Synthetic judgments are ampliative, which means they augment the given cognition. Synthetic judgments may be a posteriori, whose origin is empirical. There are also a priori synthetic judgments and that arise from pure understanding and reason. Synthetic judgments can be further classified:

  • Judgments of experience are always synthetic and without necessity.
  • Mathematical judgments are one and all synthetic. A synthetic proposition can be discerned in accordance with the principle of contradiction, but only insofar as another synthetic proposition is presupposed from which the first can be deduced, never however in itself. Mathematical judgments are also a priori because they carry the necessity which is not found in empirical judgments. Propositions like 7 + 5 = 12 or straight line between two points is the shortest are synthetic because the concept of predicate can’t be derived from subject analytically, and intuition must be made use here. The predicate attaches to such concepts indeed necessarily, though not immediately, but rather through an intuition that has to be added.
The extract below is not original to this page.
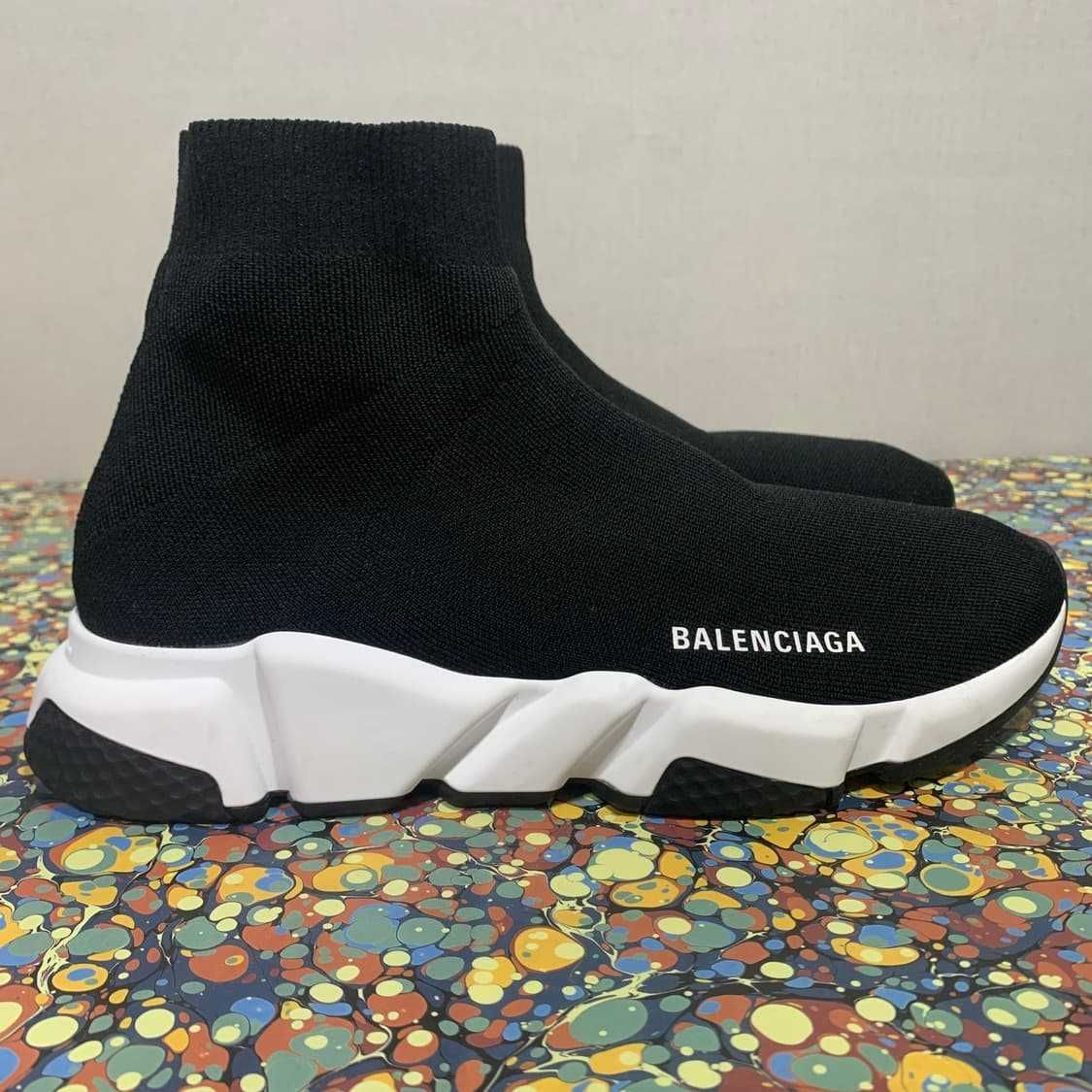(БЕЗ ПЕРЕДОПЛАТИ)Balenciaga speed trainer  баленсіага чорні білі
An essential feature of pure mathematical cognition is that it must throughout proceed not from concepts, but always and only through the construction of concepts. It must go beyond the concept to that which is contained in the intuition corresponding to it.
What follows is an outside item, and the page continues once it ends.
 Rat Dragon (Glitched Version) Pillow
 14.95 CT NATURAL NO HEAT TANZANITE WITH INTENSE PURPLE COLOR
  • Properly metaphysical judgments are one and all synthetic. Proper metaphysical judgments are the aims of analytical metaphysical judgments, and are always synthetic. Proper metaphysics possesses something special and proper to it in the generation of its a priori cognitions. e.g. All that is substance in things persists, is a synthetic and properly metaphysical proposition.

The generation of cognition a priori in accordance with both intuition and concepts, ultimately of synthetic propositions a priori as well, and specifically in philosophical cognition, forms the essential content of metaphysics.
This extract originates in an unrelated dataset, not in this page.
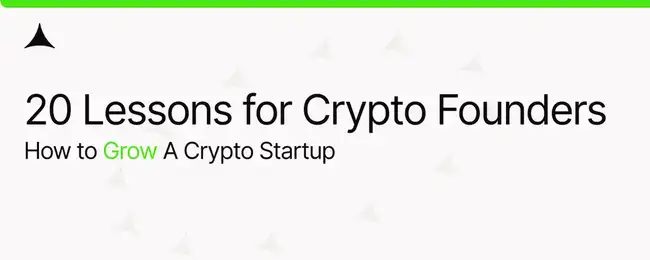 Crypto创业必修课：20条宝贵经验教训，以MVP验证你的创新假设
General Question of the Prolegomena: Is metaphysics possible at all?

Weary of dogmatism, which teaches us nothing, and also of skepticism, which promises us absolutely nothing at all, with respect to any knowledge that we believe we possess or that offers itself to us under the title of pure reason, there remains left for us but one critical question: Is metaphysics possible at all?

In CPR, Kant worked on the question synthetically, by inquiring within pure reason itself, and seeking to determine within this source both the elements and the laws of its pure use, according to principles. Prolegomena should be a preparatory exercise; they ought more to indicate what needs to be done in order to bring a science into existence if possible, than to present the science itself. The methodological procedure of prolegomena will be analytic. Analytic here means that we start from object in concreto, or its actuality and then proceed to the ground of its possibility, instead of the synthetic approach, which is starting from concept in abstracto. This is probably similar to progressive and regressive distinctions, where analytic is the same as regressive, ascending and synthetic the same as progressive, descending.

We cannot say metaphysics as a science is actual, but we can confidently say that some pure synthetic cognition a priori is actual and given, that pure mathematics and pure natural science are actual and given. We only need to ask how these sciences are possible and from their principles we can derive the possibility of all other synthetic cognition a priori.

General Question: How is cognition from pure reason possible?

It’s evident that analytic a priori judgments and synthetic a posteriori judgments are possible. It remains only that how are synthetic a priori judgments possible(They are possible because plenty of them are already given). The exact question we want to ask is:

How are synthetic propositions a priori possible?

We must find the foundation of the legitimacy of synthetic a priori judgments before we proceed to other inquires since it’s not based on principle of contradiction as analytic judgments, we must find some other foundations.

Reason why there is not yet an answer to this question is 1. it is never asked before 2. the difficulty of answering such a question.